He’s the best-known trainer in Mexico and he’s backed by client German Larrea Mota-Velasco, the CEO of Grupo México, the country’s largest copper mining operation. Mota-Velasco is worth an estimated $14.9 billion, according to Forbes.
Together, Mota-Velasco and Gutierrez set up a U.S. division at the Palm Meadows Training Center in Florida in 2019 to take a shot at the most prestigious races. Mota-Velasco, who races as St. George Stable, bred Letruska in Kentucky. The 5-year-old mare is a daughter of 2010 Kentucky Derby winner Super Saver.
Letruska won her first seven career starts, including six at Hipódromo de las Américas in Mexico City. Among her winning streak were victories in the Clasico Esmeralda and Clasico Diamante, two legs of Mexico’s Triple Crown for 3-year-old fillies in 2019. She was named that country’s divisional champion.
“The actual Mexican races are with a lot of problems, especially for the quality for the horses,” Gutierrez said.
The gap between that level and the Breeders’ Cup is “like a child to play in school and go to the major leagues,” he said.
Since relocating to South Florida, Letruska’s been a well-traveled competitor, winning at Gulfstream, Oaklawn, Saratoga, Belmont, Sam Houston, Churchill Downs and Keeneland.
Now, Letruska ventures West for the first time to race at Del Mar, located about 40 miles north of the Mexican border.
She’ll take on 10 rivals in the Distaff, carrying the hopes of Mexico with her.
“This is a real dream, because nobody can think this could happen,” Gutierrez said. “When I had this horse in Mexico City I understood she’s a special horse, a horse who could run fast.

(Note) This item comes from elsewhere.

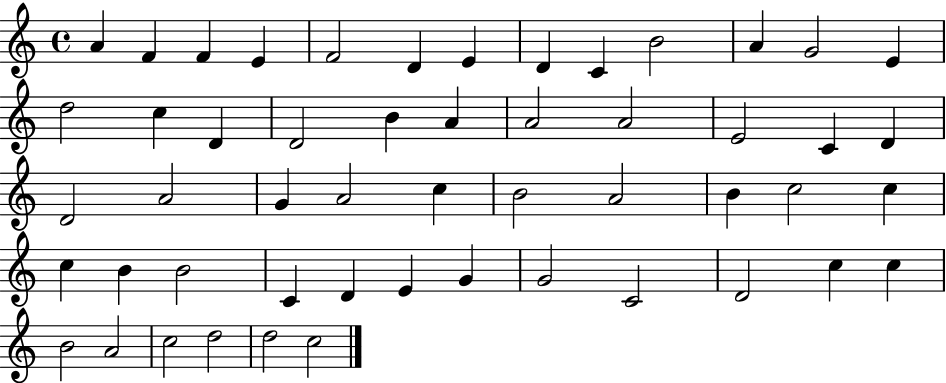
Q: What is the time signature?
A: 4/4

But to be here, it’s like another planet.”
Letruska has six wins this year, including four in prestigious Grade 1 races. Her only loss came in the Azeri Stakes, when she was second by a head to Shedaresthedevil. They’ll have a rematch on Saturday.
“When I decided her campaign, I selected the races depending on how she’s doing, how she trains,” Gutierrez said. “Every day it’s like she tells me, tomorrow we can go to stronger competition.”
A victory in the Distaff would make Letruska worthy of consideration for Horse of the Year honors, Gutierrez believes.
“She traveled around the most strong races, different tracks,” he said. “She’s a consistent, solid horse. It’s very difficult to ask more.”
Brad Cox, who trains early 4-1 co-second choice Shedaresthedevil, thinks otherwise.
“If Shedaresthedevil wins the Distaff, I think she should be champion filly and mare,” he said. “If she was able to beat Letruska and beat her twice and have three Grade 1s (wins) on the year, I don’t know how she wouldn’t be champion filly and mare.”